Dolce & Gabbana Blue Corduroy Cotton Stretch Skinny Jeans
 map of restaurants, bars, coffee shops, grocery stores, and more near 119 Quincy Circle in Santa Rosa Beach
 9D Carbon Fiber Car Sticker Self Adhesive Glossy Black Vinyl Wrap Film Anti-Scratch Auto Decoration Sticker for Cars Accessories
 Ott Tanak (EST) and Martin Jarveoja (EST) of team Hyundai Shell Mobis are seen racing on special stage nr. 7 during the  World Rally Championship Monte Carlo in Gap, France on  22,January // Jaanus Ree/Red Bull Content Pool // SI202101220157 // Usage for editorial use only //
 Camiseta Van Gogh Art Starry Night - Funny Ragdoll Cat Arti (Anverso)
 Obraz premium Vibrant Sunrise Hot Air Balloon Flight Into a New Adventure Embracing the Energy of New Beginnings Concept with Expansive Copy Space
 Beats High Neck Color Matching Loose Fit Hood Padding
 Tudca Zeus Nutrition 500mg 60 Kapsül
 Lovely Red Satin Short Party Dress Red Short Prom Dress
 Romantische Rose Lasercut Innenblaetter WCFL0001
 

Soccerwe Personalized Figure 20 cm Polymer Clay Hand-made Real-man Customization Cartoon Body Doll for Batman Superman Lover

--------------------------------------------------

TASK REQUIREMENTS
Without any change, reproduce the data in full.

SOLUTION FOR THIS EXERCISE
Dolce & Gabbana Blue Corduroy Cotton Stretch Skinny Jeans
 map of restaurants, bars, coffee shops, grocery stores, and more near 119 Quincy Circle in Santa Rosa Beach
 9D Carbon Fiber Car Sticker Self Adhesive Glossy Black Vinyl Wrap Film Anti-Scratch Auto Decoration Sticker for Cars Accessories
 Ott Tanak (EST) and Martin Jarveoja (EST) of team Hyundai Shell Mobis are seen racing on special stage nr. 7 during the  World Rally Championship Monte Carlo in Gap, France on  22,January // Jaanus Ree/Red Bull Content Pool // SI202101220157 // Usage for editorial use only //
 Camiseta Van Gogh Art Starry Night - Funny Ragdoll Cat Arti (Anverso)
 Obraz premium Vibrant Sunrise Hot Air Balloon Flight Into a New Adventure Embracing the Energy of New Beginnings Concept with Expansive Copy Space
 Beats High Neck Color Matching Loose Fit Hood Padding
 Tudca Zeus Nutrition 500mg 60 Kapsül
 Lovely Red Satin Short Party Dress Red Short Prom Dress
 Romantische Rose Lasercut Innenblaetter WCFL0001
 

Soccerwe Personalized Figure 20 cm Polymer Clay Hand-made Real-man Customization Cartoon Body Doll for Batman Superman Lover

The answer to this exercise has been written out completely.